Supplied data:
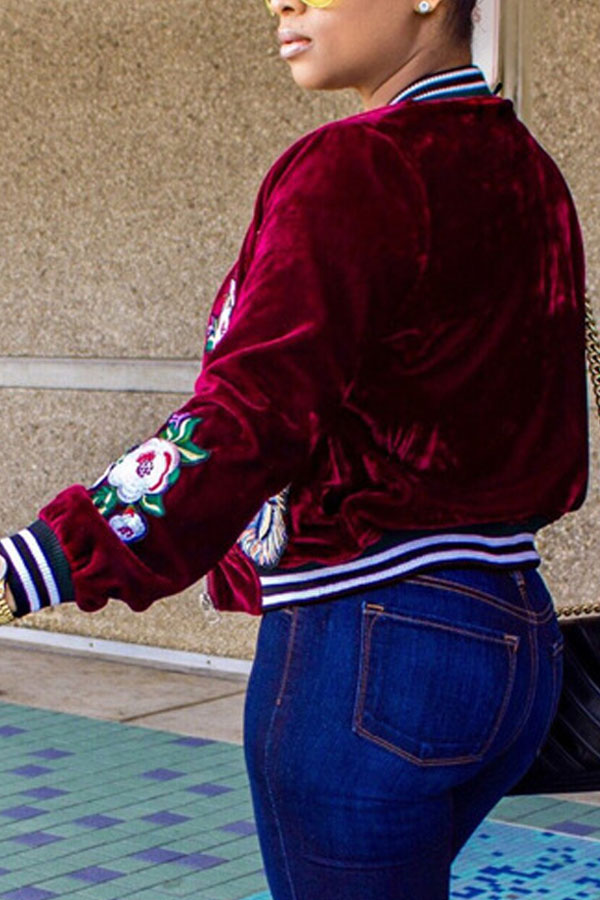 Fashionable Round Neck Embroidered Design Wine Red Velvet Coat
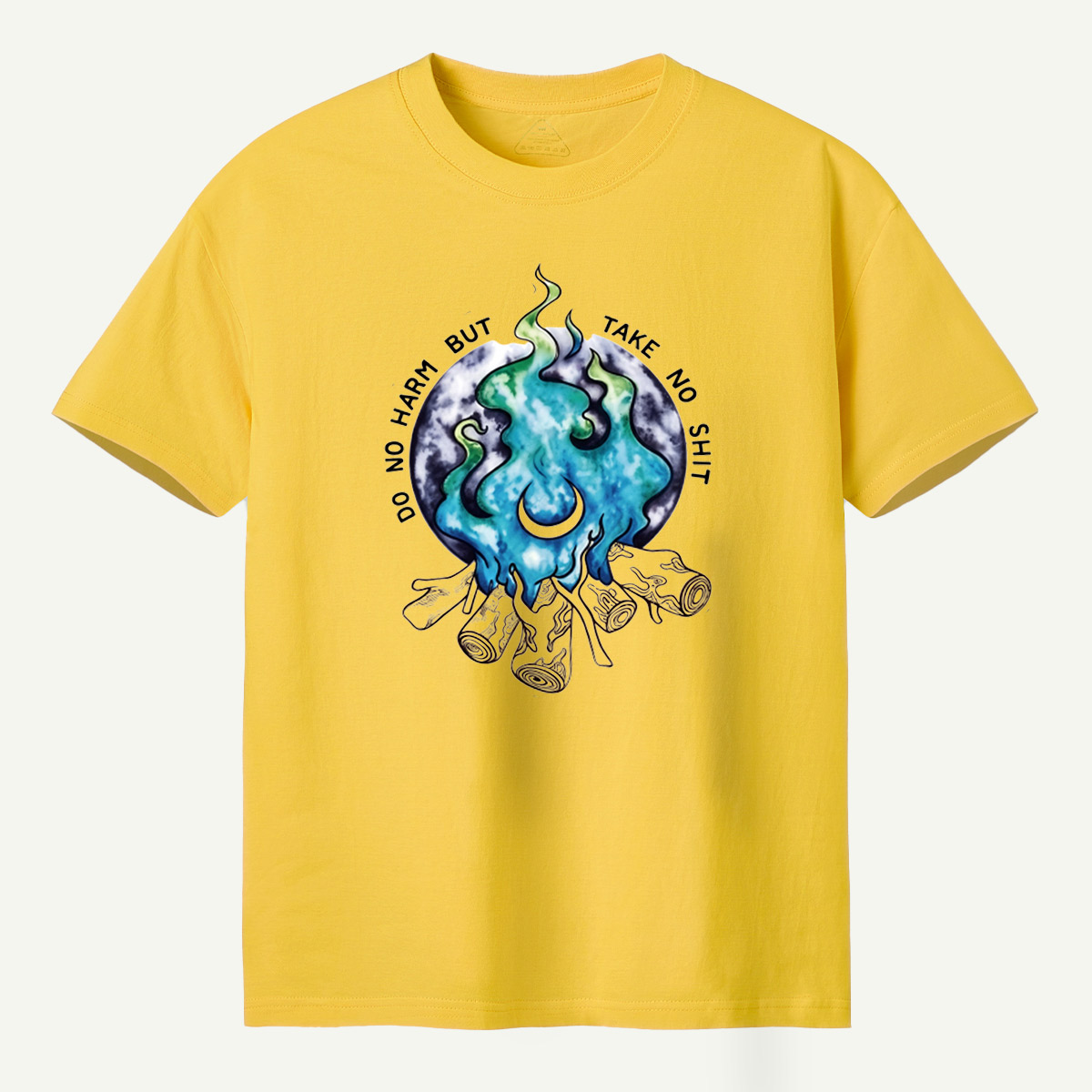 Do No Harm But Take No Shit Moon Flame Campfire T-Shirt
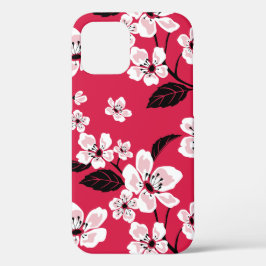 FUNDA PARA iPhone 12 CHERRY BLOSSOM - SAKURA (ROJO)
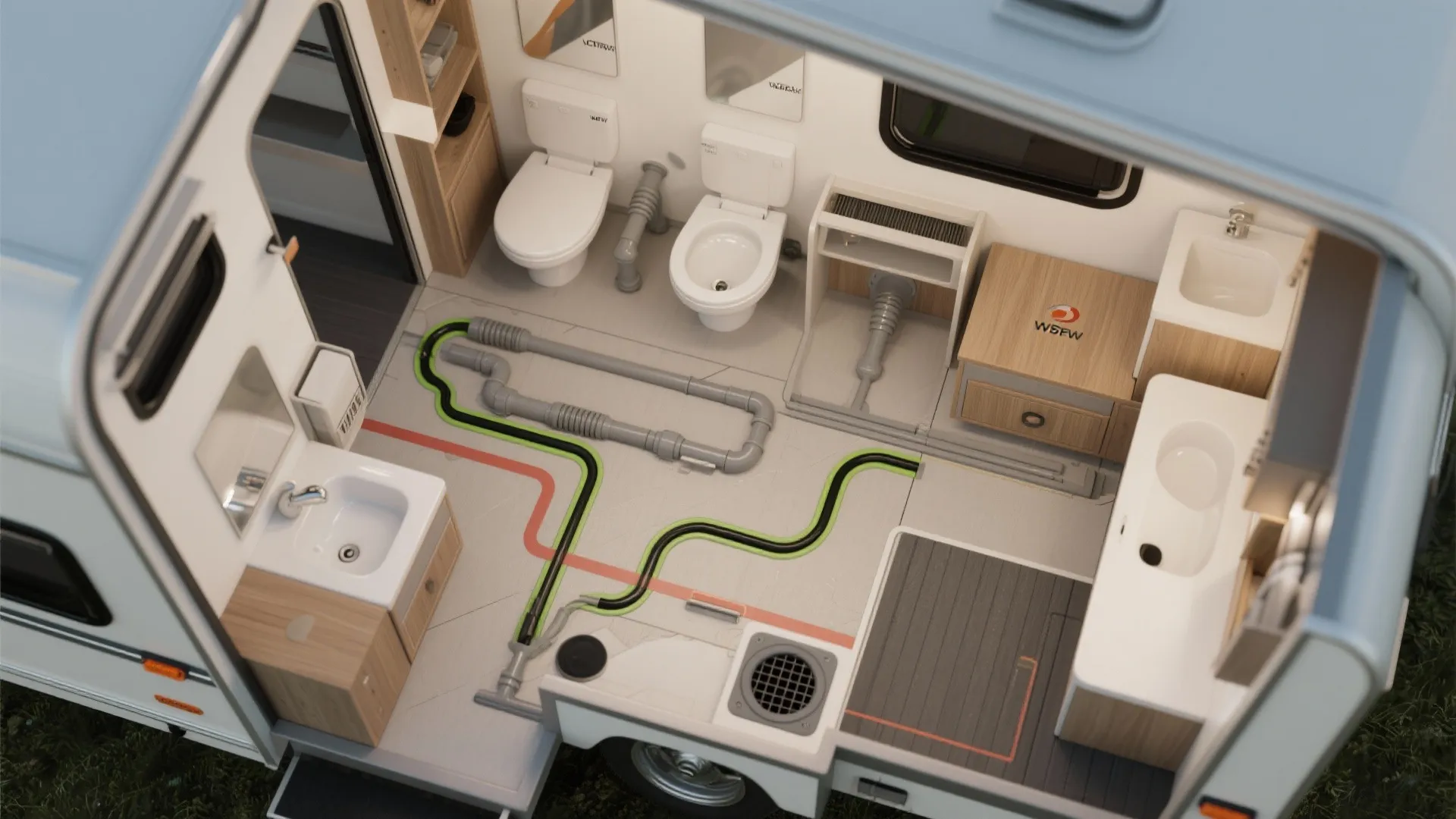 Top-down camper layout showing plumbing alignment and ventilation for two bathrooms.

--

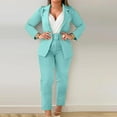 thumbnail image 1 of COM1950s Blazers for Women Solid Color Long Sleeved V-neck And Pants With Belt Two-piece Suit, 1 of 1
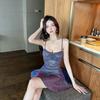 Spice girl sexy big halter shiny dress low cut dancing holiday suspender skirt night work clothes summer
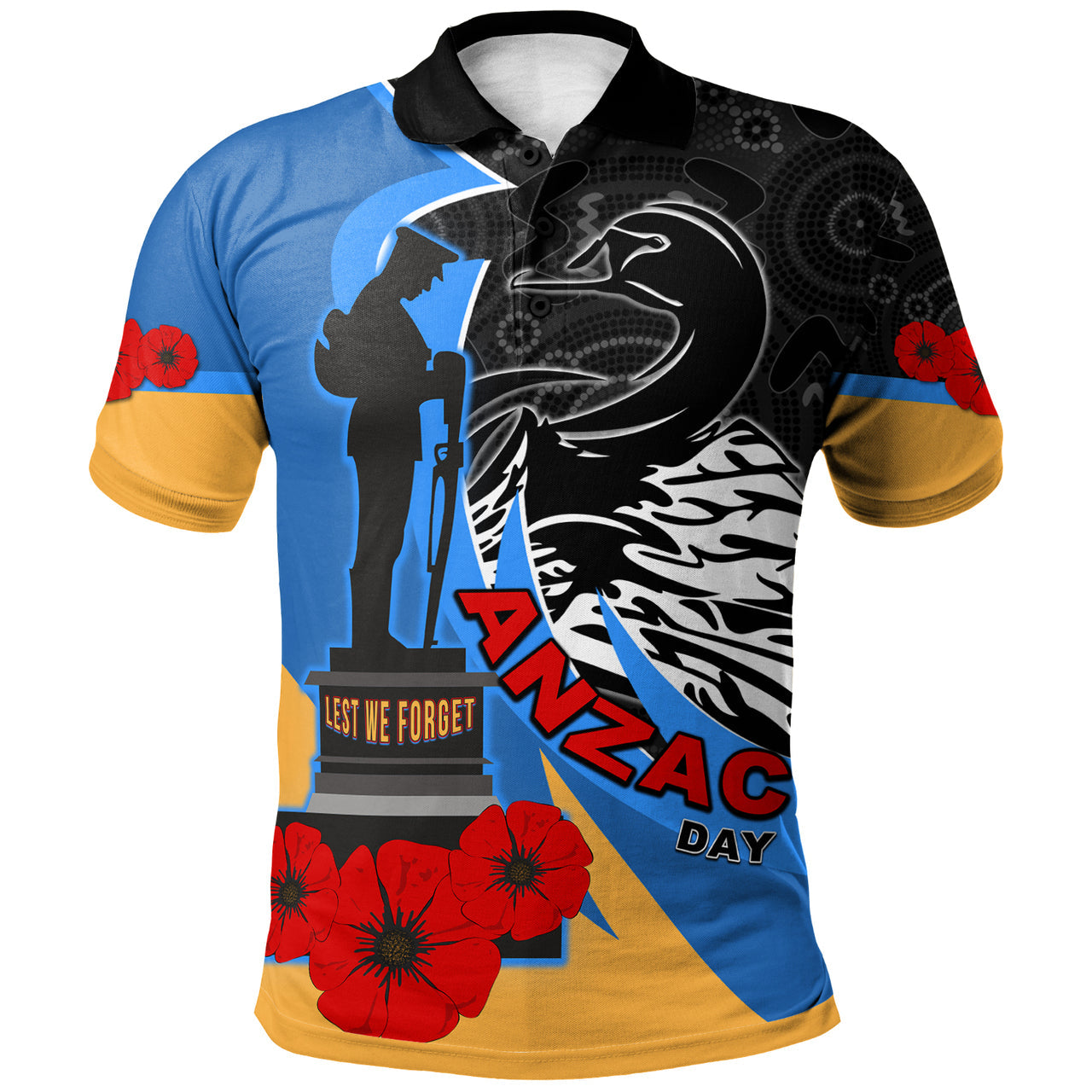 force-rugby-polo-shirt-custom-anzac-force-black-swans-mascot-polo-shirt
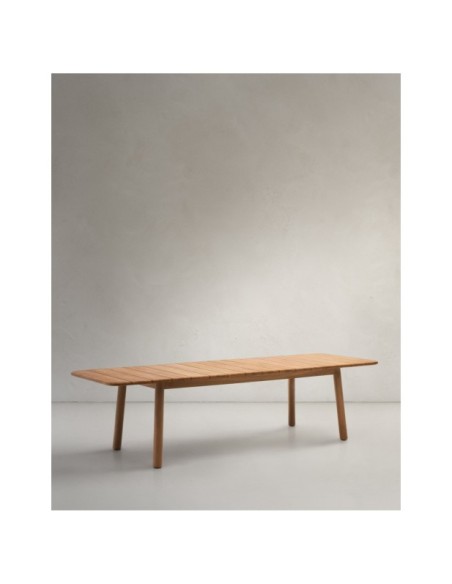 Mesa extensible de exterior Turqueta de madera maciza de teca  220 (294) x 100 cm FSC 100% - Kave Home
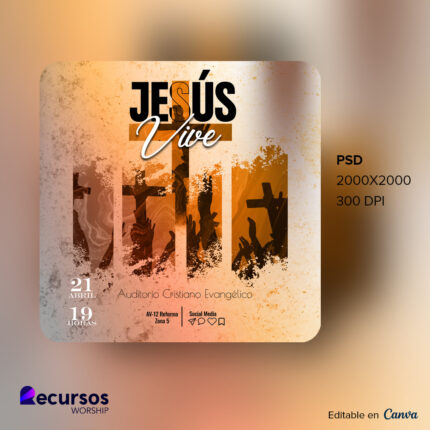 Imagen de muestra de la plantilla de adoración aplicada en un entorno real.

* * *

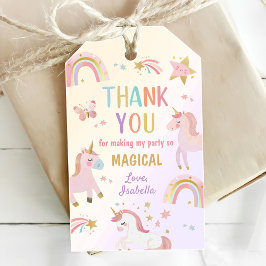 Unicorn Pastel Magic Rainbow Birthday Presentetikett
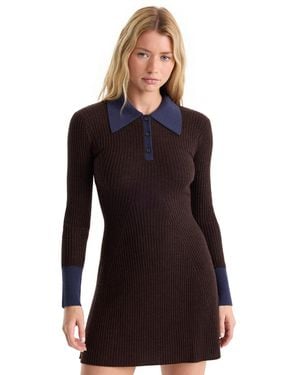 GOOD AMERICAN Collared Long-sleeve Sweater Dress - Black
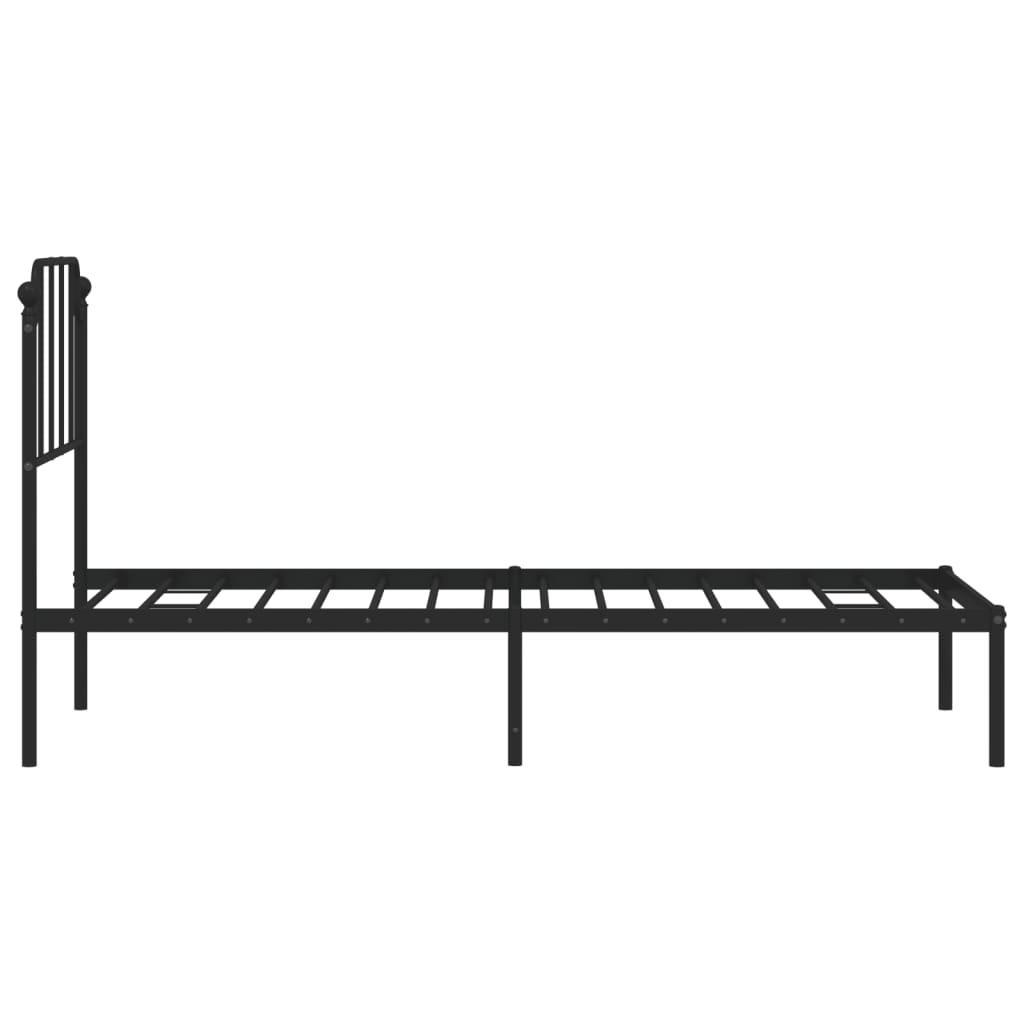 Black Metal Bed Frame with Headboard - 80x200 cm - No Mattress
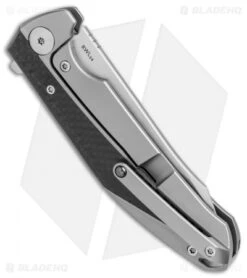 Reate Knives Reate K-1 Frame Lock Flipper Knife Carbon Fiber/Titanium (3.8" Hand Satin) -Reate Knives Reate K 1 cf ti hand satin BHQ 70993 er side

Try it: Your answer must be the exact lines from the records above, from the one containing "Spice girl sexy" through the one containing "Mesa extensible de", both included, with every picture left out.

The completed task:
 Spice girl sexy big halter shiny dress low cut dancing holiday suspender skirt night work clothes summer
 force-rugby-polo-shirt-custom-anzac-force-black-swans-mascot-polo-shirt
 Mesa extensible de exterior Turqueta de madera maciza de teca  220 (294) x 100 cm FSC 100% - Kave Home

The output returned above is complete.